The Council of Economic Advisers, an agency within the Executive Office of the President, is charged with “offering the President objective economic advice on the formulation of both domestic and international economic policy.” It was created by Congress as part of the Employment Act of 1946, and is comprised of a chairman and two members. The current members, are University of Maryland Professor Katherine G. Abraham and Justice Department economist Carl Shapiro, both Obama appointees. Mr. Krueger would replace Christine Romer, who resigned from her post in October of 2010.

“I rely on the Council of Economic Advisers to provide unvarnished analysis and recommendations, not based on politics, not based on narrow interests, but based on the best evidence — based on what’s going to do the most good for the most people in this country,” said the president in his nomination of Mr. Krueger. “That’s more important than ever right now,” he added. “We need folks in Washington to make decisions based on what’s best for the country, not what’s best for any political party or special interest. That’s how we’ll get through this period of economic uncertainty, and that’s the only way that we’ll be able to do what’s necessary to grow the economy”.

Mr. Krueger is Princeton’s Bendheim Professor in Economics and Public Policy, and has also held a joint appointment in the Department of Economics as well as the Woodrow Wilson School of Public and International Affairs since 1987. He was chief economist at the U.S. Department of Labor from 1994 to 1995. He served as the assistant U.S. Treasury secretary for economic policy and chief economist of the U.S. Department of the Treasury in the Obama administration from 2009 to 2010.
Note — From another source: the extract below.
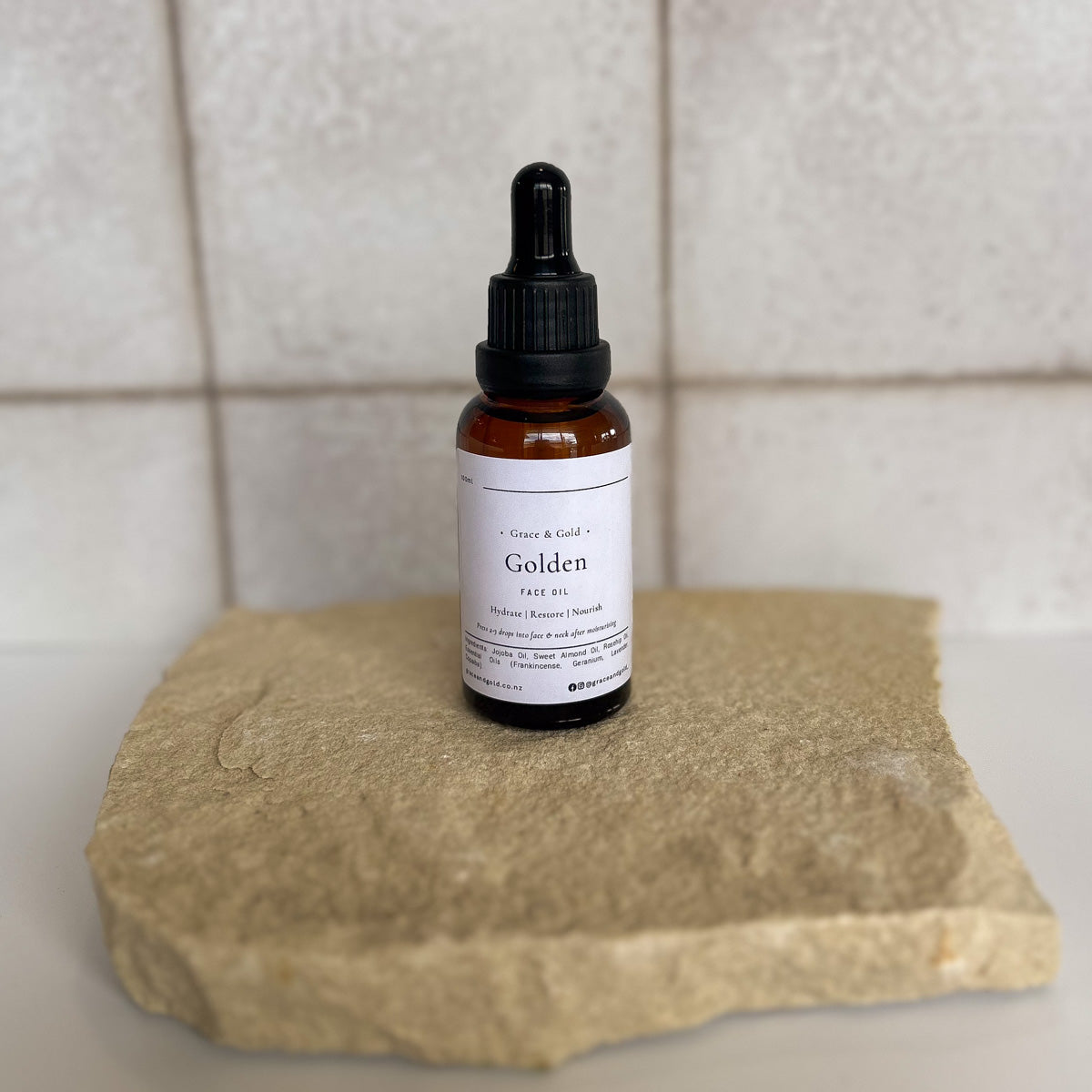 Golden Face Oil 30ml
At the Treasury Department, Mr. Krueger worked on the economic analysis of a variety of programs, including the HIRE Act, the Small Business Lending Fund, Build America Bonds, and the Car Allowance Rebate System, or “Cash for Clunkers.” He was the Chief Economist for the National Council on Economic Education (2003-09) and an elected member of the Executive Committee of the American Economic Association (2005-07). In 2002 he was elected as a fellow of the American Academy of Arts and Sciences. He has been a member of the Board of Directors of the Russell Sage Foundation, the MacArthur Foundation, and the American Institutes for Research.

An editor of numerous economics journals, Mr. Krueger’s books include What Makes a Terrorist: Economics and the Roots of Terrorism and Education Matters: A Selection of Essays on Education. He co-authored Myth and Measurement: The New Economics of the Minimum Wage, and Inequality in America: What Role for Human Capital Policies? He was a founding director of the Princeton University Survey Research Center,

Mr. Krueger was unable to be reached for comment pending his confirmation. If he is confirmed he would take a leave from the University for government service. If he is confirmed, observed journalist Greta van Susteren, he will bring “a wealth of knowledge and decades of experience to the challenge of creating jobs and promoting economic growth.”
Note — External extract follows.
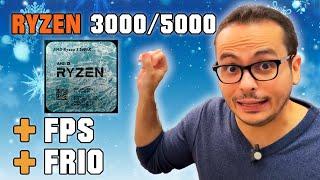 DEIXE SEU RYZEN 3000/5000 MAIS GELADO E MELHORE SEUS FPS NOS JOGOS - VEJA AQUI COMO EU USO O PBO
More than one observer has noted the similarity of Mr. Krueger’s name with that of another Princeton economist, Nobel Prize-winner Paul Krugman. Mr. Krugman himself weighed in on the nomination as well as the vicissitudes of having similar names. “Alan is a fine choice as chief economic adviser,” wrote Mr. Krugman on his blog. “He’s done excellent work, he’s a really good guy, whom I know pretty well, since we keep getting each others’ mail.” He went on to explain that “the reason we get each others’ mail is that Princeton relies on the advanced mail-processing technology known as pigeon-holes, and our slots are next to each other in the Woodrow Wilson School set.”